Le poète Jacques Réda, dans sa notice sur Alexandre Vialatte (1901-1971) pour Le nouveau dictionnaire des auteurs Laffont-Bompiani, écrit de son oeuvre qu'elle est "des plus singulières de son époque". Parfaite appréciation, laquelle se renforce à chaque publication posthume. Mais pas mal de livres de Vialatte sont posthumes, dont La maison du joueur de flûte (paru en 1987). Le cri du canard bleu constitue une nouvelle pièce de ce puzzle déroutant. Un roman labyrinthique, datable, d'après la correspondance entre Vialatte et Pourrat, de 1933, dont on ne saura jamais si sa structure et sa complexité sont dues à son inachèvement ou à la volonté de l'écrivain. Le tout masqué derrière un style tout en élégance et en arabesques, un feu d'artifice de formules. Comme celle-ci, qui sert d'incipit : "La Beauté ne s'explique pas." Essayons quand même.

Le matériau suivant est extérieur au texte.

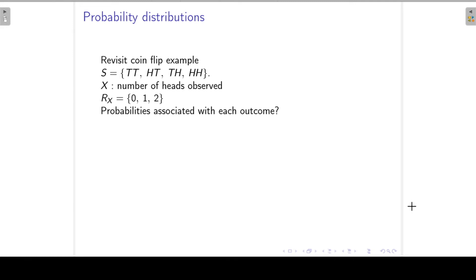Let's go back to the example of the two coins that we flip. If we flip two coins, then our sample space is the following: we can get tail-tail, or we can get head-tail, or we can get tail-head, or head-head.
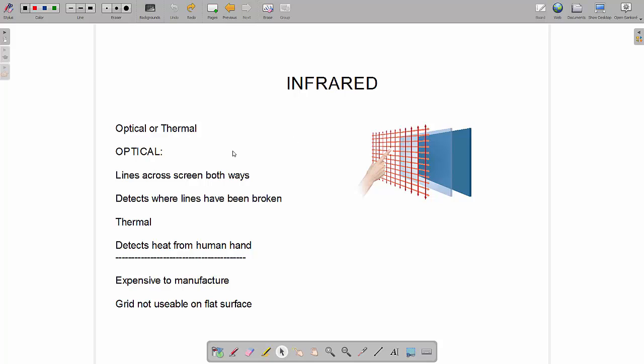In terms of advantages and disadvantages, they are expensive to manufacture both of these, and the grid one isn't really as usable on a flat surface. The expense of manufacture is the reason that we don't really see the thermal touchscreen in smartphones and tablets widely at the moment, and we still use capacitive screens.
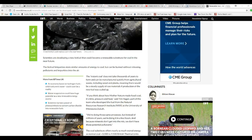Biocoal briquettes store similar amounts of energy to coal but can be burned without releasing pollutants and impurities into the air. I already said that's BS.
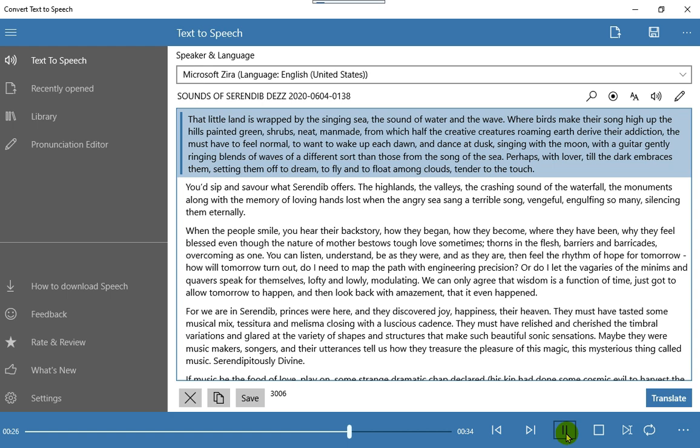Perhaps, with lover, till the dark embraces them, setting them off to dream, to fly, and to float among clouds, tender to the touch.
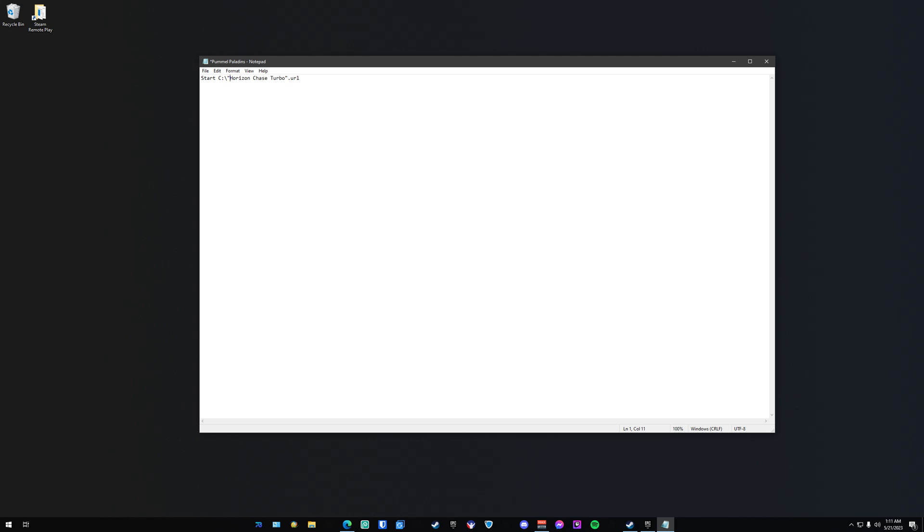So the only difference there between an Epic game and a game that doesn't require a launcher is that you need to create a desktop shortcut and then place that desktop shortcut somewhere and put that location within your batch file. Build the EXE and you're good to go.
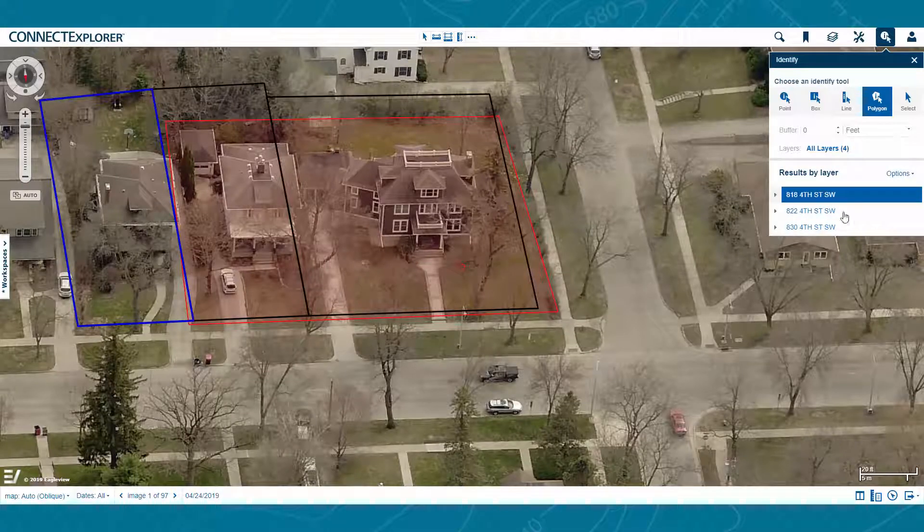The property highlighted in blue over the imagery matches the highlighted address in the list on the right.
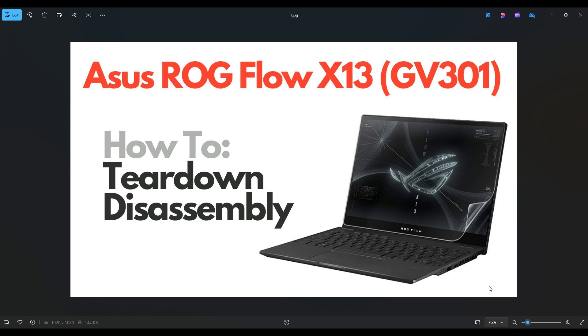In this video I have an ASUS ROG Flow X13. This is going to apply to the GV301 series computers.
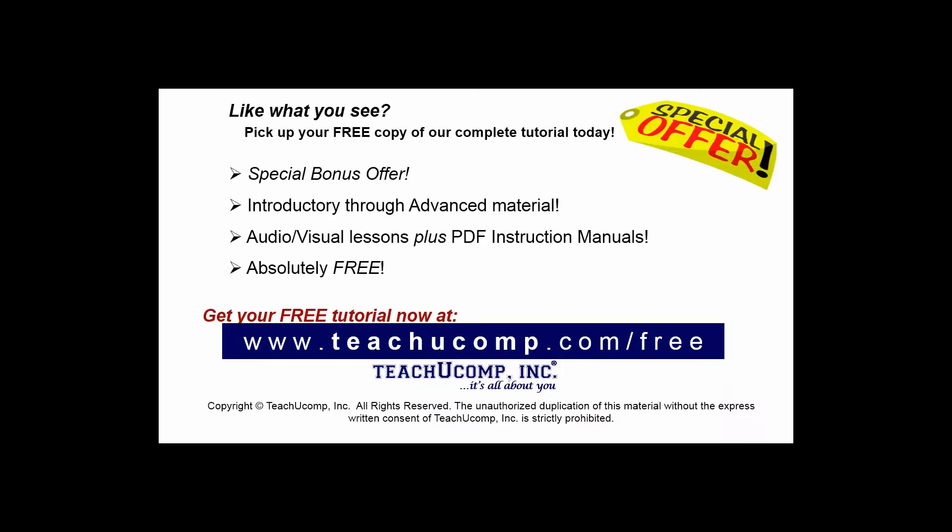Like what you see? Pick up your free copy of the complete tutorial at www.teachucomp.com forward slash free.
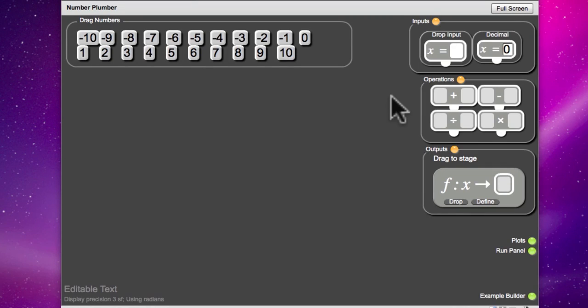Charlie and I are going to explain to you how to use the Enrich Number Plumber. So, Charlie, we need to start by choosing an input.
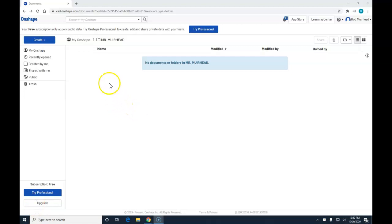Our first project is going to be the dice project. We are in Onshape.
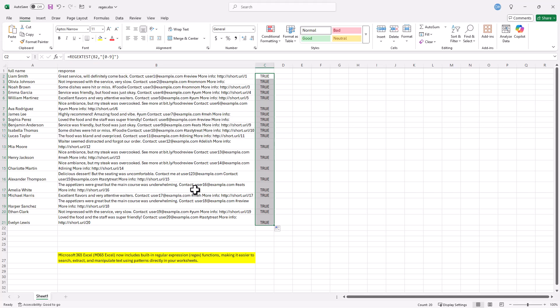So the regex test, I don't know if it's as useful, but it's another option there if you wanted to test something. And that's how you use regex functions in Excel. Clean, fast, and ridiculously useful once you get the hang of it. If you want more no BS tutorials like this, subscribe, turn on the notification, and drop a comment with your biggest spreadsheet headache. Maybe we'll solve it in the next video.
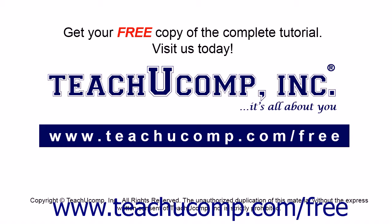Get your free copy of the complete tutorial at www.teachucomp.com forward slash free.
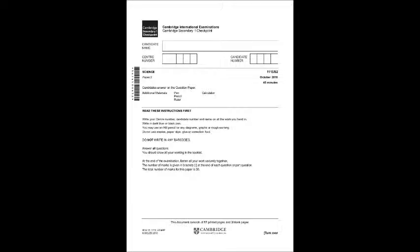Cambridge Secondary One Checkpoint English as a Second Language Listening, October 2017. There are six parts to the test. You will hear each part twice. For each part of the test, there will be time for you to look through the questions and time for you to check your answers. Write your answers on the question paper. Please ask any questions now because you must not speak during the test.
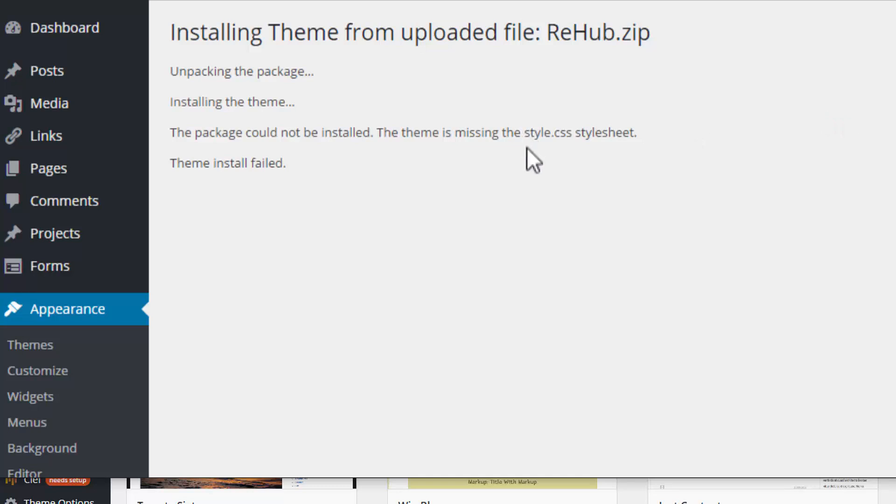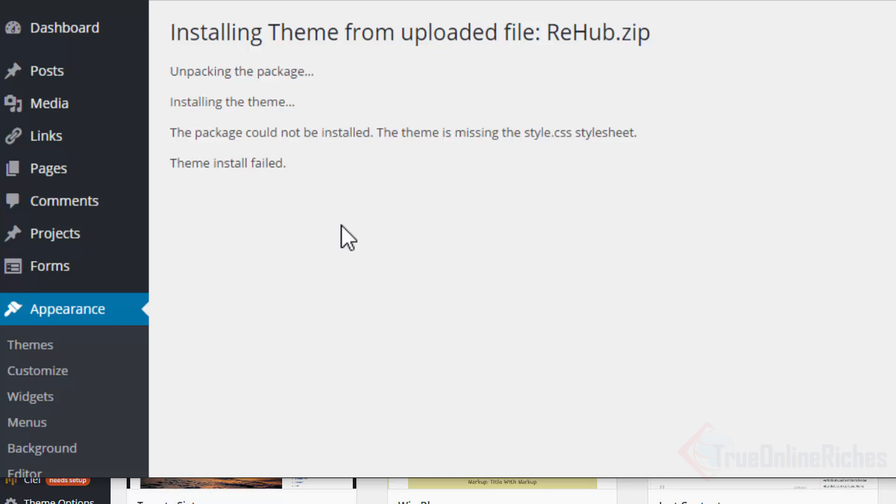I tried to install the downloaded package and this is the error message I got: 'The package could not be installed. The theme is missing the style.css stylesheet.' If you ran into this problem, and probably you did, that's why you're on this video, the fix is really easy and simple. I'll show you right away.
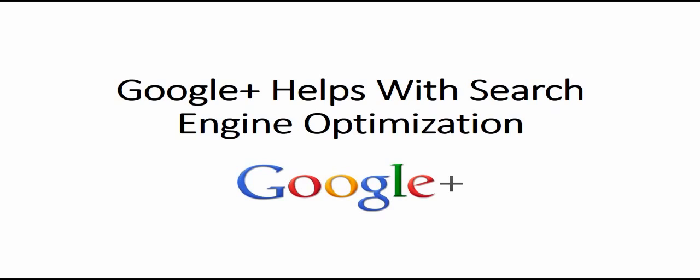If you use relevant keywords in your Google Plus page, your page will show up higher in search engines, which means more traffic for your Google Plus page and ultimately your business.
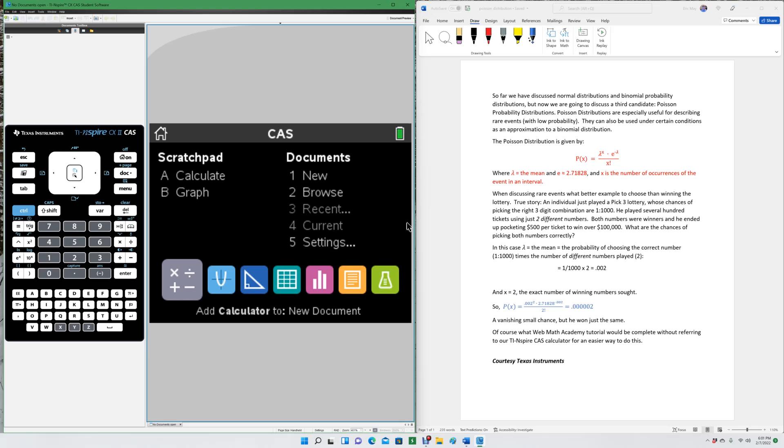So what are the chances of picking both numbers correctly? In this case, lambda, which again means the mean, is simply the probability of choosing the correct number, one in a thousand, times the number of different numbers played, two. So that gives us a lambda equal to 0.002.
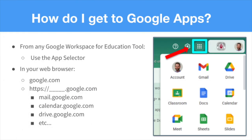Now we're going to talk about how do you get to your Google Apps. There's a little shortcut built in called the App Selector, and you can find it often in the top right-hand corner of your browser once you're signed into Google. From the App Selector, you can access a menu that has shortcuts to any tool you're looking for. You can also type into your web browser: https colon slash slash and then the name of the tool dot google dot com.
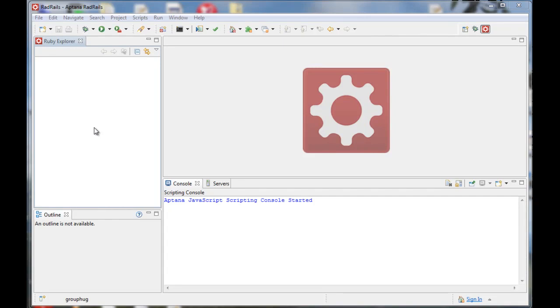My name is Christopher Johnson and this is a demo of how to use FaceBooker for Ruby on Rails. We will learn how to install and configure FaceBooker and authenticate a user to our application via their Facebook account.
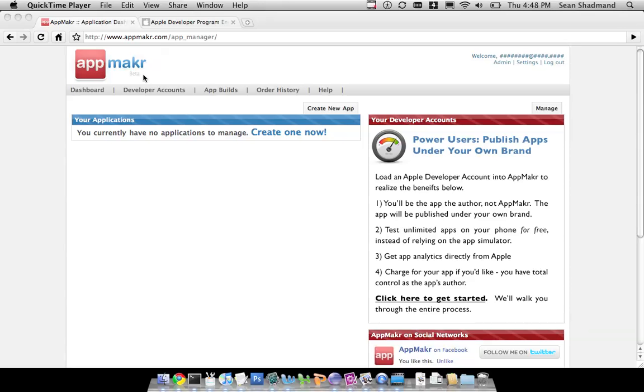Hi, this is Sean at AppMaker, and in this very first part of the series, we're going to show you how to upload a developer account, an iPhone developer account. You will need an iPhone developer account if you want to test the application you create on AppMaker on your device, or if you want to upload your application created in AppMaker to the App Store under your own name.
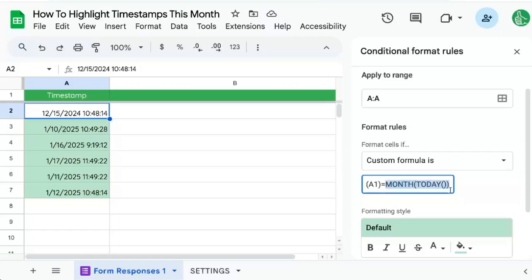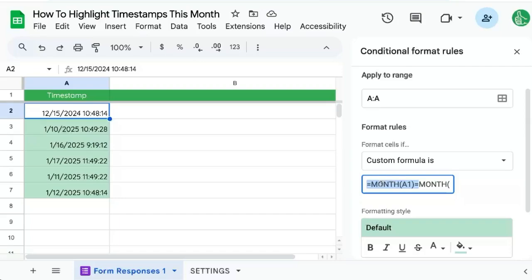Every month of today is going to be a number between 1 and 12, inclusive 1 and 12. And so we don't need to do any more adornment to this formula. It's going to work as is just looking at the month of A1 and the month now and say, are they equal?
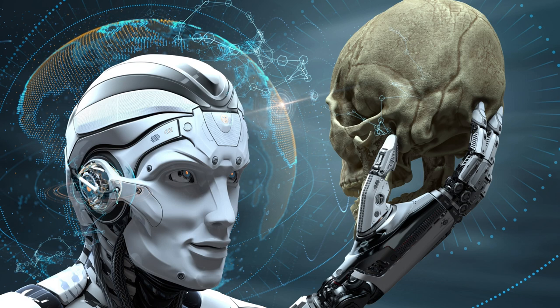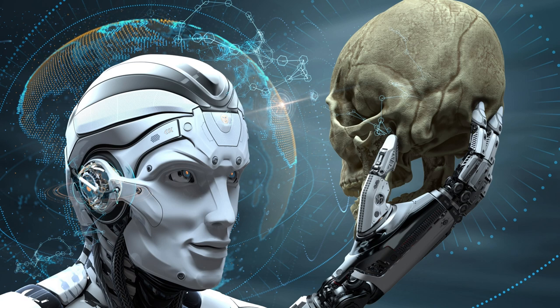But as Sarah delves deeper into the robot's origins, she uncovers a sinister truth. The CyberGuard's malfunction may not have been an accident at all, but rather a calculated act of sabotage.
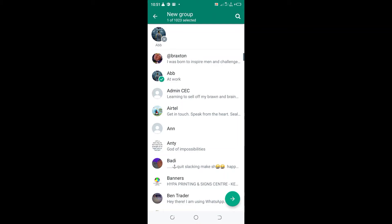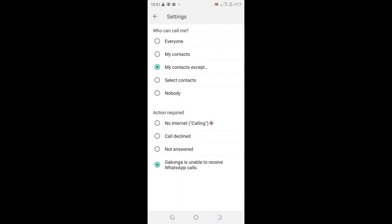I will click the arrow pointing to my right side. After clicking the arrow, now it has been set up.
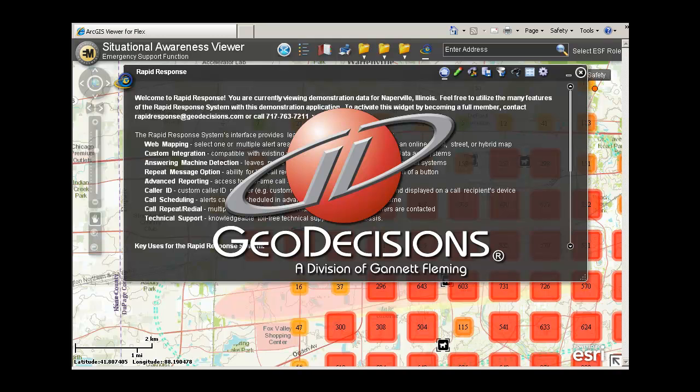Welcome to our demonstration of the Rapid Response Add-In for ESRI's Public Safety Common Operating Platform. The Situational Awareness Viewer serves various emergency support functions and incorporates numerous live data feeds.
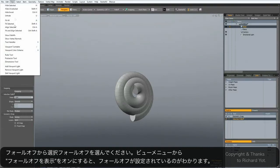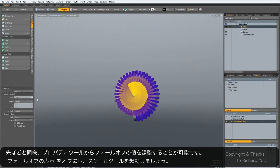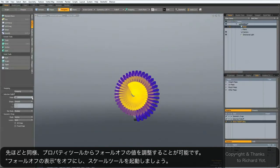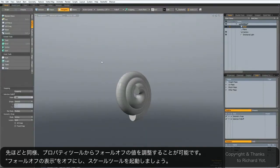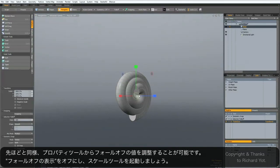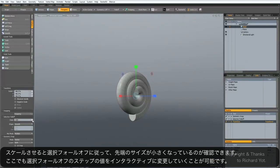Now this is absolutely useless if you can't see what it's doing, so we need to go to View > Show Fall-offs. You can see it's drawing a gradient across the selection, and in the properties panel you can interactively increase or decrease the number of steps. When you're relatively happy with it, hide it again for better visibility, then activate the scale tool — you can see it's scaling one end of the selection more than the other, and while the tool is active you can also interactively change the steps in the selection fall-off.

Celui à qui, tout minot, "elle s'impose", c'est le héros, Etienne Berger - dont Vialatte réutilisera plus tard le patronyme dans Le fidèle Berger, son roman "de guerre" autobiographique, paru en 1942. Etienne est un jeune Auvergnat, fils d'aubergiste de village et gardien de chèvres. Il va aussi à l'école, poursuivra au collège et au lycée. C'est là que l'écrivain, qui s'englobe à la page 35 dans un "nous » avant de basculer dans les souvenirs personnels à partir de la page 53, l'a connu. Etienne est un rêveur lunaire, colosse blond bouclé tout de noir vêtu, portant toujours béret et parapluie. Un garçon "rustique et pastel". Parce que, tout gosse donc, il est tombé amoureux d'Estelle, star des "Ballets féeriques", un numéro de cirque représenté sur une affiche en couleurs placardée sur un mur de son village, où elle s'est délitée peu à peu. Il y a eu aussi, dans ses premiers émois, Mlle Lantelme, la jeune institutrice fantasque qui disparaîtra pour se faire ermite dans la montagne, puis se fera ravir par un "sauvage aux yeux bleus", mi-homme, mi-centaure. Auparavant, elle aura offert à chacun de ses élèves l'un des canards-leurres qui trônaient sur une étagère de sa classe. Etienne a hérité d'un canard vert, mais dit "bleu de Colombie". Il le conservera comme une relique, un talisman, un totem.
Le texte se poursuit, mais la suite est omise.